Od początku kadencji rowy podziałów przedwyborczych były przez pana burmistrza pielęgnowane , a nawet poszerzane rękami radnych klubu. Przez ten okres burmistrz żywił nas potrzebą przeciwstawiania się tz. opozycji, czyli radnych którzy weszli do rady wspierając swojego kandydata Grzegorza Sokolińskiego. Nie to że jestem przeciw drugiej stronie rady, czy przeciw Sokolinskiemu ( za wyjątkiem sprawy Zdrojowej Invest), ale mieliśmy własny program i ten miał być realizowany. Gdy realizacja zamierzeń przedwyborczych i tych ustalanych przez ostatnie dwa lata jest mizerna, a członkowie klubu zadają trudne pytania bo nie ma czym specjalnie się pochwalić, Mirosław Graf puszcza oko i wyciąga rękę do opozycji, nie licząc się ze swoim klubem i elektoratem. Jest to egoistyczny gest, aby pokazać, ze oto ja jestem za współpracą wszystkich obozów, a tylko inni tego nie dostrzegają. Zbliża się koniec kadencji i nowe wybory, więc burmistrz stojąc na przegranej pozycji tłumaczy się desperacko z podjętych chybionych decyzji i jak tonący brzydko się chwyta próby wmontowania w ten układ byłego politycznego przeciwnika i własny klub.
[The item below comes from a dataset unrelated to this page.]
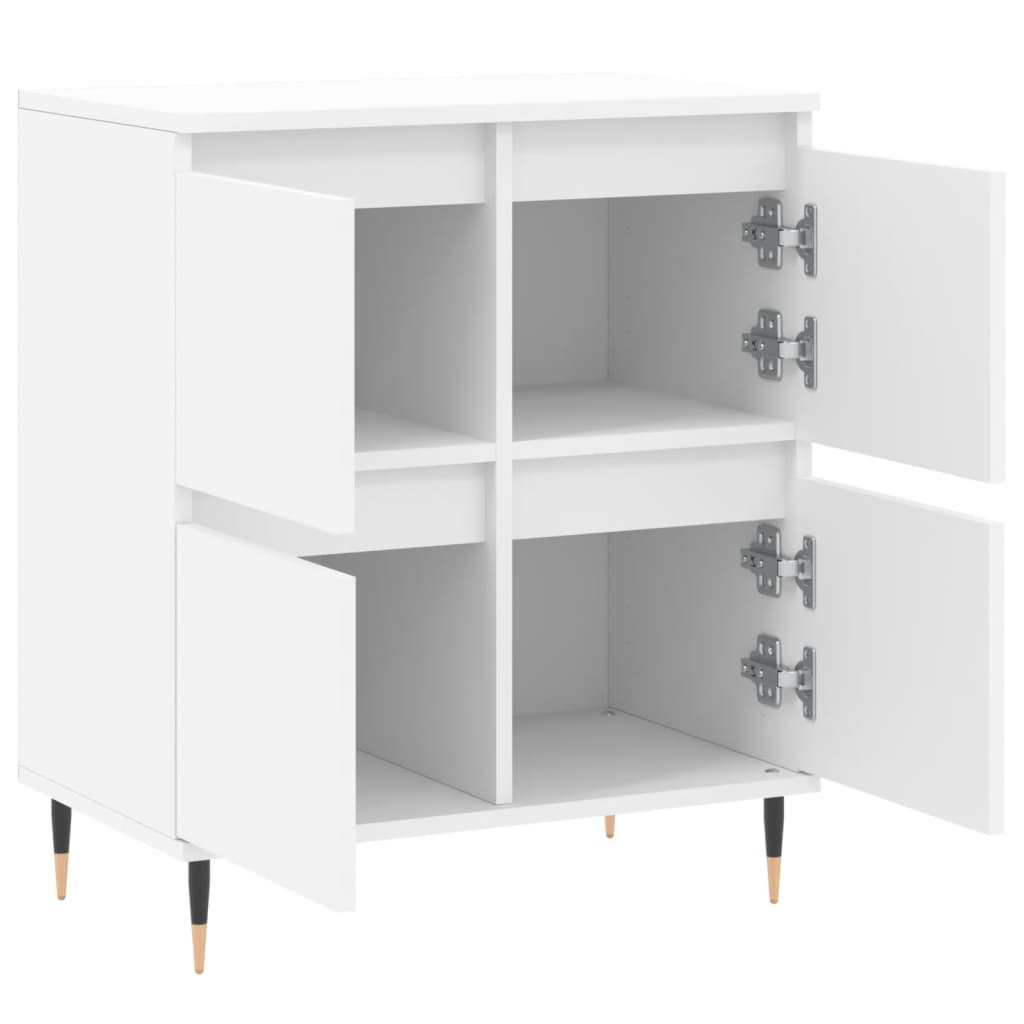 Dressoir 60X35X70 Cm Bewerkt Hout Wit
Burmistrz Graf dostrzegł że jego dotychczasowe działania nie przyniosły spodziewanych przez mieszkańców rezultatów.
Moje dalsze funkcjonowanie w radzie będzie polegało na działaniu we współpracy ze wszystkimi radnymi na rzecz miasta i jego mieszkańców.
Ryszard Głodek”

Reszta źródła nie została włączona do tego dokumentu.